* _Aim of the exercise_: Please repeat the lines below exactly. Begin with the line containing "African Elephants In" and go on through the line containing "Wildcat Bobcat Cricket".

* _Material supplied_:
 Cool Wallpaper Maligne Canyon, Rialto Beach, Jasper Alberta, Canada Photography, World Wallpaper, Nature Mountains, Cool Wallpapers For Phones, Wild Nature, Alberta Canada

* * *

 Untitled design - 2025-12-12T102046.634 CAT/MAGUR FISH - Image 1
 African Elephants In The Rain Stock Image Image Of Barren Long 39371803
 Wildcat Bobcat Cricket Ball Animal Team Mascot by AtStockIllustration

--

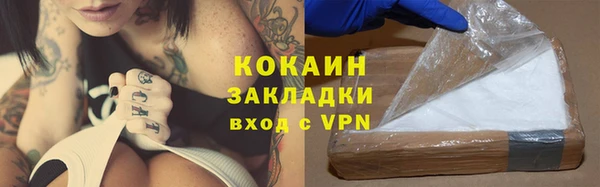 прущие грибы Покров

* _Response area_:
 African Elephants In The Rain Stock Image Image Of Barren Long 39371803
 Wildcat Bobcat Cricket Ball Animal Team Mascot by AtStockIllustration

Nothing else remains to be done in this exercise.